SQL Server 2022 also introduces user transaction cleanup, which clears pages in the version store that could not be cleaned up due to table-level locks blocking the cleanup the process. Beyond these changes, the ADR process has been better optimized to consume fewer resources.

Where ADR shines is in the Redo and Undo phases of crash recovery. In the first part of the Redo phase, the sLog is processed first. Because it contains only uncommitted transactions since the last checkpoint, it is processed extremely quickly. The second part of the Redo phase begins from the last checkpoint in the transaction log, as opposed to the oldest committed transaction.

In the Undo phase, ADR completes almost instantly by first undoing non-versioned operations recorded by the sLog, and then performing a logical revert on row-level versions in the PVS and releasing all locks.

Customers using this feature may notice faster rollbacks, a significant reduction in transaction log usage for long-running transactions, faster SQL Server startup times, and a small increase in the size of the data file for each database where this is enabled (on account of the storage required for the PVS). As with all features of SQL Server, we recommend that you do testing before enabling this on all production databases.

Partition tables

SQL Server allows you to break up the storage of a table or index into logical units, or partitions, for easier management and maintenance while still treating it as a single table.

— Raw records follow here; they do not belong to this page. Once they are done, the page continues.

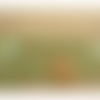 Dentelle de calais avec fleurs en 3d sur fond vert garni de perles et strass, 6 cm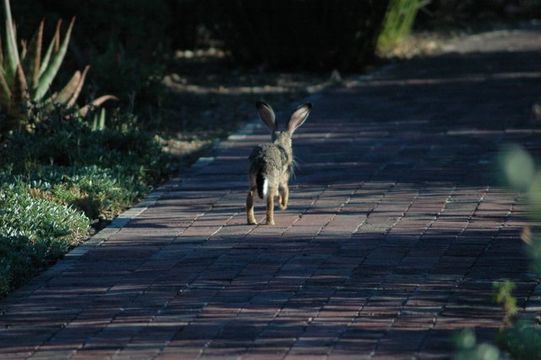 Lepus capensis Linnaeus 1758 resmi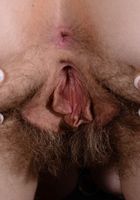Apricot Pitts in young and hairy, Apricot Pitts (apr024) ATK Natural & Hairy: Apricot Pitts (Apricot Pitts in young and hairy)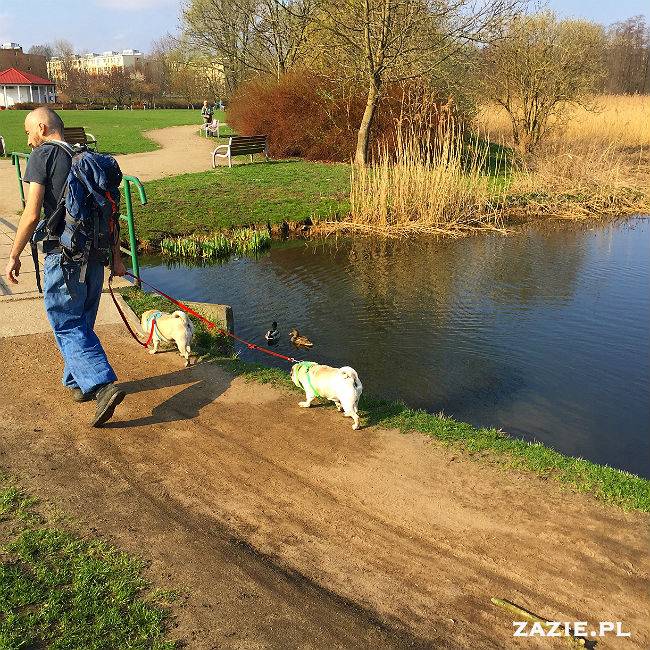 mopsy w Pruszkowie, Kumok i Miszur, mopsiki Zazie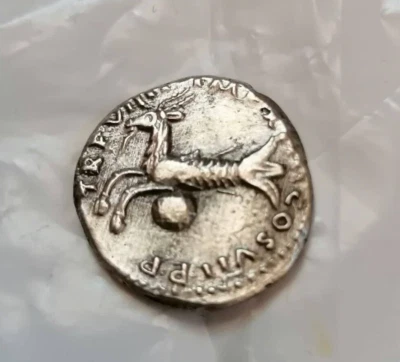 TITUS AD79-81 Denario Foto 1 de 2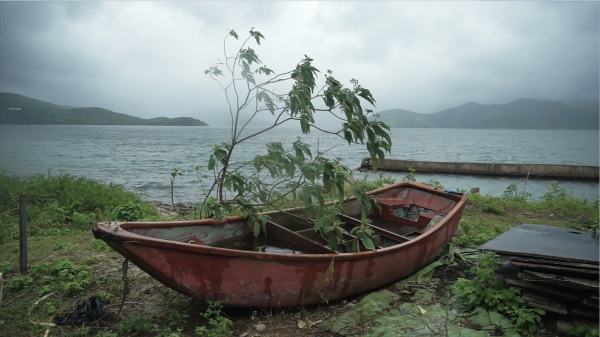 Boat moored on land with a tree bending over into it
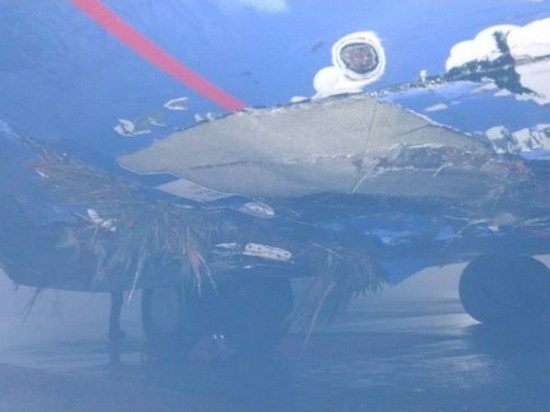 В аэропорту Борисполь самолет совершил жесткую посадку — СМИ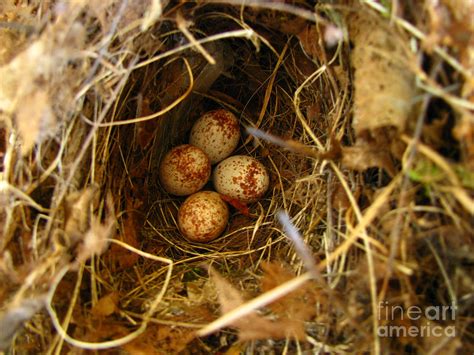 Wren Eggs Photograph by Donna Brown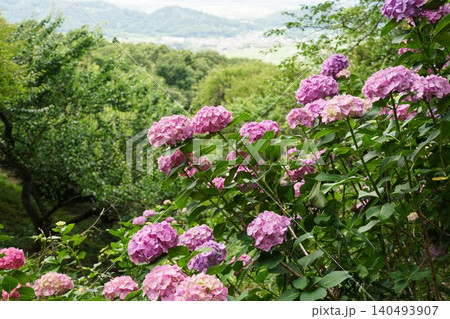 梅雨の晴れ間に咲く満開の紫陽花 筑波山梅林の風景 梅雨の晴れ間に咲く満開の紫陽花 筑波山梅林の風景 140493907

All tables in SQL Server are already partitioned if you look deep enough into the internals. It just so happens that there is one logical partition per table by default.

This concept is called horizontal partitioning. Suppose a database table is growing extremely large, and adding new rows is time consuming. You might decide to split the table into groups of rows, based on a partitioning key (typically a date column), with each group in its own partition. You can then store these in different filegroups to improve read and write performance.

Breaking up a table into logical partitions can also result in a query optimization called partition elimination, by which only the partition that contains the data you need is queried. However, it was not designed primarily as a performance feature. Partitioning tables will not automatically result in better query performance; in fact, performance might be worse due to other factors, specifically around statistics.

Even so, there are some major advantages to table partitioning, which benefit large datasets, specifically around rolling windows and moving data in and out of the table. This process is called partition switching, by which you can switch data into and out of a table almost instantly.

Assume you need to load data into a table every month and then make it available for querying. With table partitioning, you put the data you want to insert into a separate table in the same database, which has the same structure and clustered index as the main table. Then, a switch operation moves that data into the partitioned table almost instantly because no data movement is needed.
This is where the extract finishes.